Salazar, a retired Marine gunnery sergeant and nine-year police officer, told a court Thursday that more than a dozen police in Lancaster were dispatched to Routh’s home: “the whole night shift, and whoever was left on days, plus the detectives who were in the station.”
The police found themselves in a 20- to 30-minute standoff with Routh, as he refused to get out of Kyle’s Ford F-350 truck.
“It was a big old truck,” Salazar said Thursday, testifying in Routh’s murder trial as prosecutors began painting a detailed picture of how they say he fled the scene after killing Kyle, famous for his depiction in the recent movie “American Sniper,” and his friend Chad Littlefield in February 2013. “We had already gotten a description of the vehicle that had been taken.”

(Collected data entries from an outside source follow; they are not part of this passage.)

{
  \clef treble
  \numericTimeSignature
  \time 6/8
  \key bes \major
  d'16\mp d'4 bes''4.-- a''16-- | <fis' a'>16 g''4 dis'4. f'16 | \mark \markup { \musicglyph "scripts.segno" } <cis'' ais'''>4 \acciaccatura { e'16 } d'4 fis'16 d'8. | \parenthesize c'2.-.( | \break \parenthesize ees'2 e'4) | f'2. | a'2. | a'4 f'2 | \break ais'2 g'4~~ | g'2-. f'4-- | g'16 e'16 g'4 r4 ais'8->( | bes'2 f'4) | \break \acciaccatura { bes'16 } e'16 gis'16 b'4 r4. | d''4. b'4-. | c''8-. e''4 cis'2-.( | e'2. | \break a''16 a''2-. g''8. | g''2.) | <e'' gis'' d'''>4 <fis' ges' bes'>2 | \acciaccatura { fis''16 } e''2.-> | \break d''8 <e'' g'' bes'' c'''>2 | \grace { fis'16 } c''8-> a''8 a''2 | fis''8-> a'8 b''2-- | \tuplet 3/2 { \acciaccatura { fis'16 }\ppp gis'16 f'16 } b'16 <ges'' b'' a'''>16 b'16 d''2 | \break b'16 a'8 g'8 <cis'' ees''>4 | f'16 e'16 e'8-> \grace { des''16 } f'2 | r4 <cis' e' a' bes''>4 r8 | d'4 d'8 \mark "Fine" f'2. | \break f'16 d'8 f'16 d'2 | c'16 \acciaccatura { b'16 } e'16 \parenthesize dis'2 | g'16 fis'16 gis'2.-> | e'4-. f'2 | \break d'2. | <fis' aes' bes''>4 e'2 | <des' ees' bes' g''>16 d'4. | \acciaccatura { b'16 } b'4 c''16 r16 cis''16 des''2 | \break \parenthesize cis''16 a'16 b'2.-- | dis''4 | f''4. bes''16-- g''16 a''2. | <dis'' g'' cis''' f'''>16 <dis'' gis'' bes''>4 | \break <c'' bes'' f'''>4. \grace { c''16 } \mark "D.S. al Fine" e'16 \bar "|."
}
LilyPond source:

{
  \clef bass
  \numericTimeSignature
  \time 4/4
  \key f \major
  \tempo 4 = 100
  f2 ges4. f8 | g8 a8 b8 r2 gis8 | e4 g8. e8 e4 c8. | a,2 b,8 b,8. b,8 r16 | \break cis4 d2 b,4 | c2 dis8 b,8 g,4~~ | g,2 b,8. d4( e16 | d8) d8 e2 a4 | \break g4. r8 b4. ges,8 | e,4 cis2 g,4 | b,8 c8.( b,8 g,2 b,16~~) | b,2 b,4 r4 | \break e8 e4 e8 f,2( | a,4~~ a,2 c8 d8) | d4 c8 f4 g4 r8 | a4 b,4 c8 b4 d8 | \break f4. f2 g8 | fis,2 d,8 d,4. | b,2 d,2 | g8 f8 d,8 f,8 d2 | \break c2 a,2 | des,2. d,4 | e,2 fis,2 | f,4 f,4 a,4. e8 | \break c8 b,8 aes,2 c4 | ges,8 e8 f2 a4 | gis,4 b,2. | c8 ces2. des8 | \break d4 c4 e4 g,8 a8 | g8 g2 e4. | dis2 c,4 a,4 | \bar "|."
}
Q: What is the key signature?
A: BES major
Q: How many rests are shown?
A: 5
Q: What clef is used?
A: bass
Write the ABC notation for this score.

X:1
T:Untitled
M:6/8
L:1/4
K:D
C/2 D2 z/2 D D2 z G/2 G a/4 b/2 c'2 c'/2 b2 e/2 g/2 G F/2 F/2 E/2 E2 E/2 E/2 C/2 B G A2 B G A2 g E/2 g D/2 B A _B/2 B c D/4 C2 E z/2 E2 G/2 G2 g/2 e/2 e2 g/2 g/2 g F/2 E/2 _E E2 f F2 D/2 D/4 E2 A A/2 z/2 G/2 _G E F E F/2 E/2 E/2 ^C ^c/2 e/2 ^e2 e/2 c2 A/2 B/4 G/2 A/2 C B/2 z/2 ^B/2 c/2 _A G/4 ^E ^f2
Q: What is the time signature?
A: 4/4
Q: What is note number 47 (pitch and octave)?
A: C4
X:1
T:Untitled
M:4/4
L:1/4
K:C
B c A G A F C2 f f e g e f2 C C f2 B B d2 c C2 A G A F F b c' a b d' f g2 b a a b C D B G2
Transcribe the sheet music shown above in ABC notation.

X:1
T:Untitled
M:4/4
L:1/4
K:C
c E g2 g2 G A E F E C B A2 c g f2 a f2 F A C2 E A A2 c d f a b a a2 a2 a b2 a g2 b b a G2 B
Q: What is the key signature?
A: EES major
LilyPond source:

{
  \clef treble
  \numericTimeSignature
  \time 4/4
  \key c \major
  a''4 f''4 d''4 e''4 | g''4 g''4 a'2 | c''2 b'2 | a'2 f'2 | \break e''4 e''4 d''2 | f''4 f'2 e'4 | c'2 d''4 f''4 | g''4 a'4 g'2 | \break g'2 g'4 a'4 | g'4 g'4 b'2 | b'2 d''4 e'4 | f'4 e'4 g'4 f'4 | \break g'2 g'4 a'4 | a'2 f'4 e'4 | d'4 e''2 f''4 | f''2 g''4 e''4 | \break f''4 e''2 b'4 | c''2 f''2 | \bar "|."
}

Salazar said that he and another officer low-crawled to the truck to sneak up on Routh, and put “stop sticks” around the tires that would deflate them if he drove away. Then Routh did just that, and police began to pursue him with numerous vehicles.
“I jumped in my car, and the chase was on,” Salazar said.
Kyle’s truck, driven by Routh, was eventually disabled after another Lancaster officer rammed it with his police vehicle. The stop sticks didn’t work: They were placed too close to the tires, preventing them from catching the tires correctly, police said.
Routh was arrested with a loaded 9mm handgun that police say he used to kill Littlefield. Kyle was killed with another weapon, a powerful .45-caliber pistol. The bodies of the two men were found together at Rough Creek Lodge and Resort in nearby Glen Rose, Tex.